*** Opening of Records to use ***

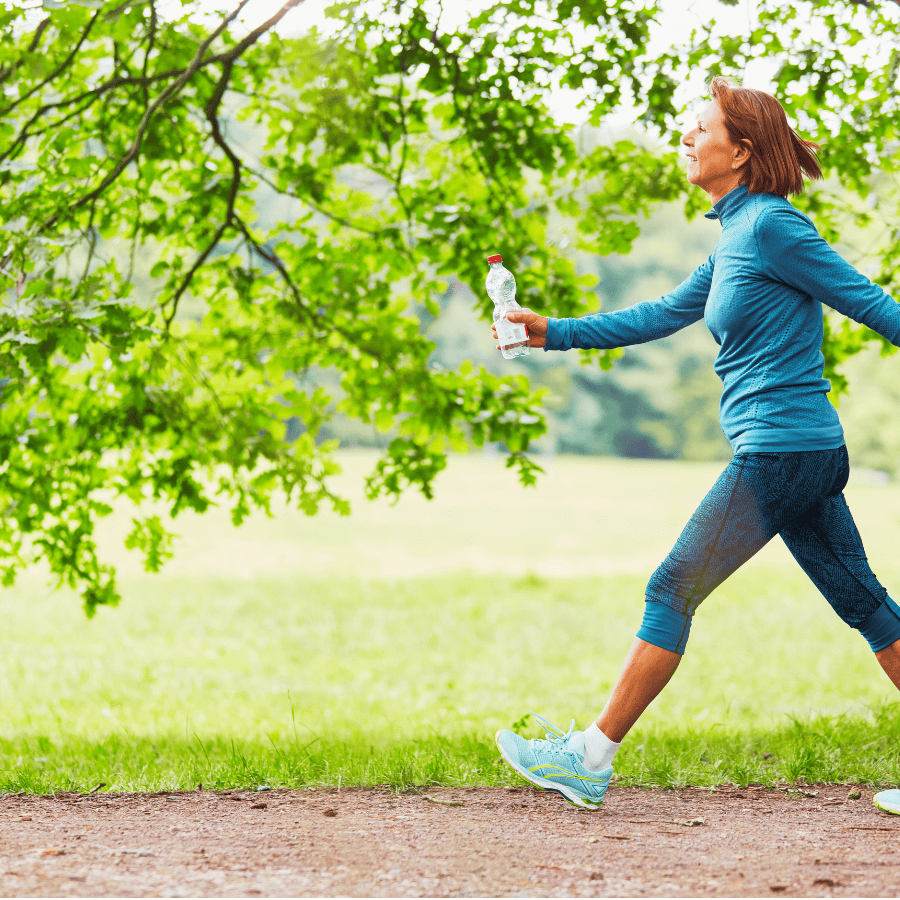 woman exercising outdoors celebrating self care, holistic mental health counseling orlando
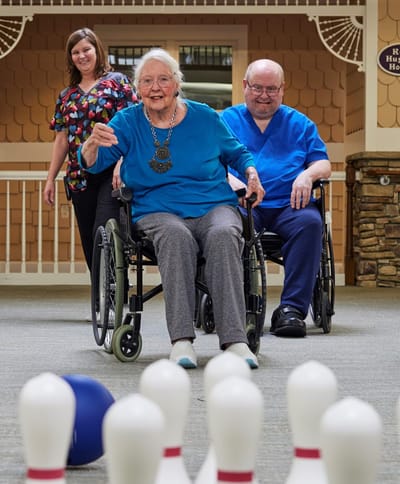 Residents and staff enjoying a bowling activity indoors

*** Close of Records to use ***
*** Opening of Records to use ***

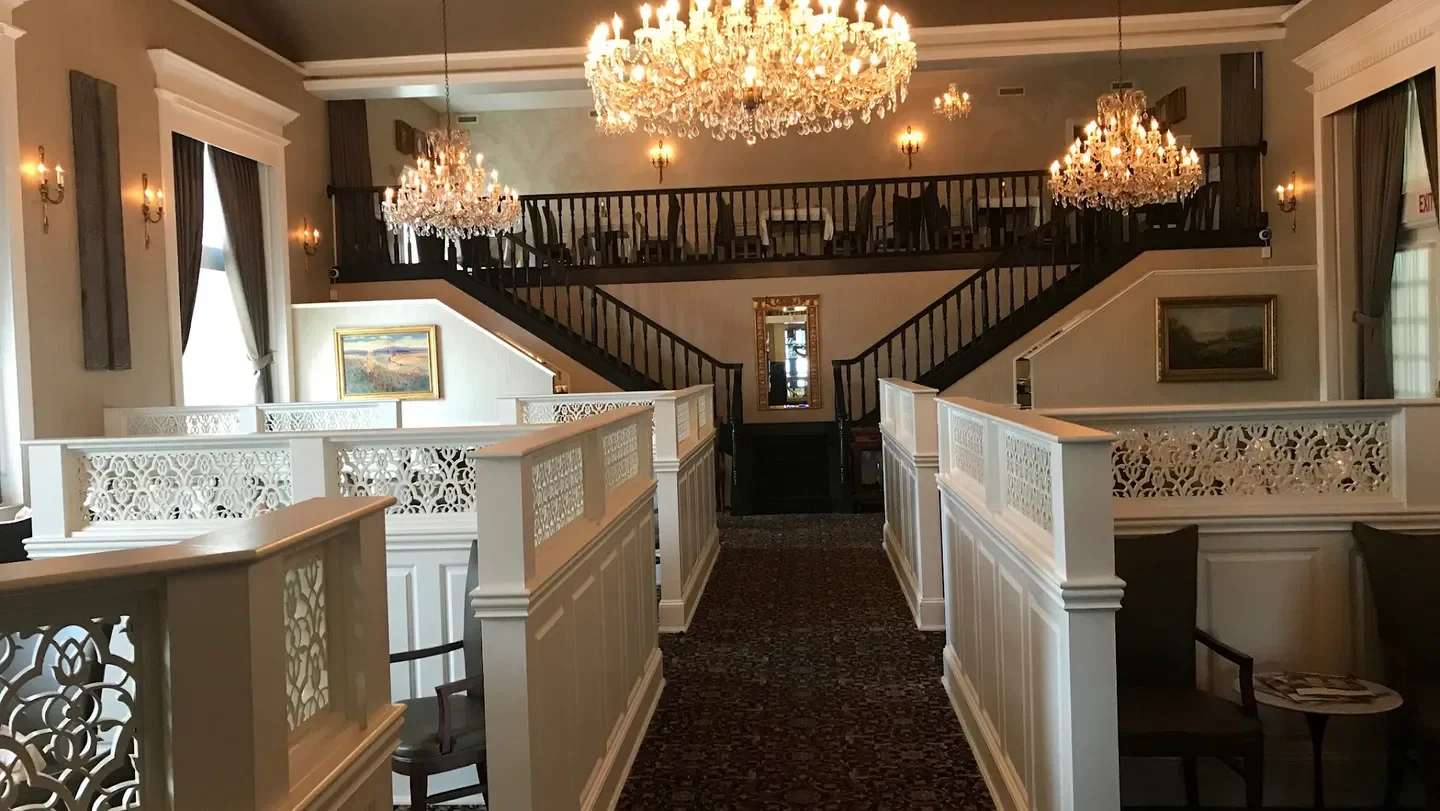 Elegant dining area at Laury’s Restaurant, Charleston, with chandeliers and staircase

*** Close of Records to use ***
*** Opening of Records to use ***

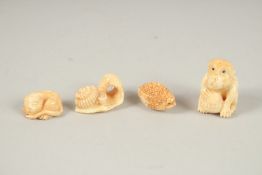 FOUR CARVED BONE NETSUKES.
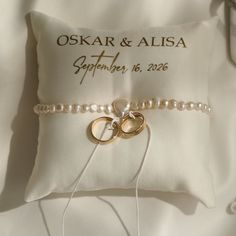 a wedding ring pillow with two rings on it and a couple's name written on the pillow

*** Close of Records to use ***

For this exercise, set down the lines in the entries above from the one with "woman exercising outdoors" through the one with "Residents and staff" exactly as written, without any pictures.

 woman exercising outdoors celebrating self care, holistic mental health counseling orlando
 Residents and staff enjoying a bowling activity indoors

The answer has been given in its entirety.